The data:
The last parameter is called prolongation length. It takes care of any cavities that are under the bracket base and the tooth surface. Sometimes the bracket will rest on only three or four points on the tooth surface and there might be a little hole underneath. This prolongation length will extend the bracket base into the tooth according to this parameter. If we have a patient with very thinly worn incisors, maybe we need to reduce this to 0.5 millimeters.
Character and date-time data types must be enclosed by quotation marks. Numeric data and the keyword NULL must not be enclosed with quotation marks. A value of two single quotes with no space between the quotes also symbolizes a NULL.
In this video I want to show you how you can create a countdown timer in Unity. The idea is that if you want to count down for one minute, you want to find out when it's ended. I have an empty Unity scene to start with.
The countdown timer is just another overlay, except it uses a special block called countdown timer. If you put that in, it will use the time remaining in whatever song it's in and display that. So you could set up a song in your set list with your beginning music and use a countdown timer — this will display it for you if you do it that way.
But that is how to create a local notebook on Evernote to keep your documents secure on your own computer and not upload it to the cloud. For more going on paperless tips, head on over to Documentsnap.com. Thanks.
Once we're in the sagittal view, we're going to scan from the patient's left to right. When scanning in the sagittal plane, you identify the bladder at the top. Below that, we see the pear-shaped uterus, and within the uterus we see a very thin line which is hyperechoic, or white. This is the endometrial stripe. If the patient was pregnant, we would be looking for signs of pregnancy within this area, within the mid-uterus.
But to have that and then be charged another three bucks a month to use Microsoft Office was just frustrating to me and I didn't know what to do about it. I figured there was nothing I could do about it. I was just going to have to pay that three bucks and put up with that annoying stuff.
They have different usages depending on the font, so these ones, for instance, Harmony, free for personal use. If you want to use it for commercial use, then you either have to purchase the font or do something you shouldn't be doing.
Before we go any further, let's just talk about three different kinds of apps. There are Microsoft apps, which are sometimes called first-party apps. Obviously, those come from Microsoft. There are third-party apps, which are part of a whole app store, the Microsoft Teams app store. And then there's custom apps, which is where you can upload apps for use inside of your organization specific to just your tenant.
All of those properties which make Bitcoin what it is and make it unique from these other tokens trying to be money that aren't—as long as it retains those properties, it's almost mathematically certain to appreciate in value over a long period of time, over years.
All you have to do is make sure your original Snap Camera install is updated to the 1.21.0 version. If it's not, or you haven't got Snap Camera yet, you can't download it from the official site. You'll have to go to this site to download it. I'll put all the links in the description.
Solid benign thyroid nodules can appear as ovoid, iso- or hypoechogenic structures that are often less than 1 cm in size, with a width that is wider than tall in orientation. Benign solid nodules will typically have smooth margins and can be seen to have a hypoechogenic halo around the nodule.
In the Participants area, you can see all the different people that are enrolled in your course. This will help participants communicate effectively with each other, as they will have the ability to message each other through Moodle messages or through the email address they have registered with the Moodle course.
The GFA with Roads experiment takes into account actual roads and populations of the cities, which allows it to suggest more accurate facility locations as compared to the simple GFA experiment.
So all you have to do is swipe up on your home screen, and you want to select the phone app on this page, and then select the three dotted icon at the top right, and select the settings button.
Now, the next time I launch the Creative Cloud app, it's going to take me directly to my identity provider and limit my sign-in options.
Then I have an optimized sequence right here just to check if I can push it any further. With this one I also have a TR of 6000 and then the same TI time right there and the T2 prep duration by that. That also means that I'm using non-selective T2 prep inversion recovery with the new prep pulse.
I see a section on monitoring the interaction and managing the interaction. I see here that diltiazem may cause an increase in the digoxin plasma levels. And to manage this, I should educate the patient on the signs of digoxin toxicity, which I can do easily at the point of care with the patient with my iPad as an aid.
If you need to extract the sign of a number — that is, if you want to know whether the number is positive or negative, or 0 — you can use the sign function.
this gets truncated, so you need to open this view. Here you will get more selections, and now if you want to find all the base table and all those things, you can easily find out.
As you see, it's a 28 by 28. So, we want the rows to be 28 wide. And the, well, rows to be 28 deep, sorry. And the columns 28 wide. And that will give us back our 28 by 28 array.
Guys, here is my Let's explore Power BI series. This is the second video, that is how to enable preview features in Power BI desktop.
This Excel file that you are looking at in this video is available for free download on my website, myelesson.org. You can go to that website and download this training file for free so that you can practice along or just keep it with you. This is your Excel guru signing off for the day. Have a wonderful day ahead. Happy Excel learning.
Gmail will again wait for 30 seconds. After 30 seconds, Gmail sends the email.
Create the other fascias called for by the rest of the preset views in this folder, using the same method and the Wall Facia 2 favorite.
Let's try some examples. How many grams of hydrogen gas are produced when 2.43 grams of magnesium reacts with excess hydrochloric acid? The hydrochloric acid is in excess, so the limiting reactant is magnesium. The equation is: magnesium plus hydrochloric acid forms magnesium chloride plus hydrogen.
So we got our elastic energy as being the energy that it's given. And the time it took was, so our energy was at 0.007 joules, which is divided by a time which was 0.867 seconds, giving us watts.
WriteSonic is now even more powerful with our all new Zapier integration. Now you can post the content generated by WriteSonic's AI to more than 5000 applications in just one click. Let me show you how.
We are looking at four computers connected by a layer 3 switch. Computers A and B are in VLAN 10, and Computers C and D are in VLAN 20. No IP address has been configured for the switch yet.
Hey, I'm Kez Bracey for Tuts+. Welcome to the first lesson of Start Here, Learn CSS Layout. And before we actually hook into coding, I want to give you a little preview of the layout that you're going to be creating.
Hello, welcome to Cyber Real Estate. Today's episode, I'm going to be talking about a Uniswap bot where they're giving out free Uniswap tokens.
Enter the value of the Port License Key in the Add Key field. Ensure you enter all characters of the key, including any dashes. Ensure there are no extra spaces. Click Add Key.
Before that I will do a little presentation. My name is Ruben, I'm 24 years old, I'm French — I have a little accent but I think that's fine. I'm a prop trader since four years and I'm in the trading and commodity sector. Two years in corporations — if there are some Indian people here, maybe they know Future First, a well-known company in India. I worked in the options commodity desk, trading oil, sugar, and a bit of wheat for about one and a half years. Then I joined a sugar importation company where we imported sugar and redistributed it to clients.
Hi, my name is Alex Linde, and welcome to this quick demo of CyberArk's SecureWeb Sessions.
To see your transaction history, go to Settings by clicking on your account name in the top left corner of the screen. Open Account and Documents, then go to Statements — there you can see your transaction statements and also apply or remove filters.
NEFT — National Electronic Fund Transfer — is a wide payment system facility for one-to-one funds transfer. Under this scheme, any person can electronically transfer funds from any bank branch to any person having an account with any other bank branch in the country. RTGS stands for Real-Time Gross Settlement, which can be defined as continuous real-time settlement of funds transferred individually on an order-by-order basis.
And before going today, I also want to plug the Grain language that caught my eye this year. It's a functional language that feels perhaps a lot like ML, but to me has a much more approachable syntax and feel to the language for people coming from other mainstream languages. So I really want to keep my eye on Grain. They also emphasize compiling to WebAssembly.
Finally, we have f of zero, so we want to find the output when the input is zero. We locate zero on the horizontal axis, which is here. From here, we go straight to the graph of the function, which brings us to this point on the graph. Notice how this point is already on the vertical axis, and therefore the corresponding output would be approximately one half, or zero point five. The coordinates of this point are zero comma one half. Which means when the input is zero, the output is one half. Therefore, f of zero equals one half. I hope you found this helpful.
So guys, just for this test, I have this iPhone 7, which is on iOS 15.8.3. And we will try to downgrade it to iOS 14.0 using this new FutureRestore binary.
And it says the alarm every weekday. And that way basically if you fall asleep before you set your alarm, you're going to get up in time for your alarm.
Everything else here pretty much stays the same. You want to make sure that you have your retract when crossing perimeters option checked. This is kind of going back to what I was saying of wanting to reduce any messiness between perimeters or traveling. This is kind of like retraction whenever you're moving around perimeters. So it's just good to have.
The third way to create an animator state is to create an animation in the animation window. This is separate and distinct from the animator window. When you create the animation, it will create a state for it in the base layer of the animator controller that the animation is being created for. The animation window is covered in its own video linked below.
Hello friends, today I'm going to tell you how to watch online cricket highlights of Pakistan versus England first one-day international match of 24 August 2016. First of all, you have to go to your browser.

Work to complete:
The first line of the entries above and every line after it, up to and including the line with "But that is", should be set down exactly.

Reply:
The last parameter is called prolongation length. It takes care of any cavities that are under the bracket base and the tooth surface. Sometimes the bracket will rest on only three or four points on the tooth surface and there might be a little hole underneath. This prolongation length will extend the bracket base into the tooth according to this parameter. If we have a patient with very thinly worn incisors, maybe we need to reduce this to 0.5 millimeters.
Character and date-time data types must be enclosed by quotation marks. Numeric data and the keyword NULL must not be enclosed with quotation marks. A value of two single quotes with no space between the quotes also symbolizes a NULL.
In this video I want to show you how you can create a countdown timer in Unity. The idea is that if you want to count down for one minute, you want to find out when it's ended. I have an empty Unity scene to start with.
The countdown timer is just another overlay, except it uses a special block called countdown timer. If you put that in, it will use the time remaining in whatever song it's in and display that. So you could set up a song in your set list with your beginning music and use a countdown timer — this will display it for you if you do it that way.
But that is how to create a local notebook on Evernote to keep your documents secure on your own computer and not upload it to the cloud. For more going on paperless tips, head on over to Documentsnap.com. Thanks.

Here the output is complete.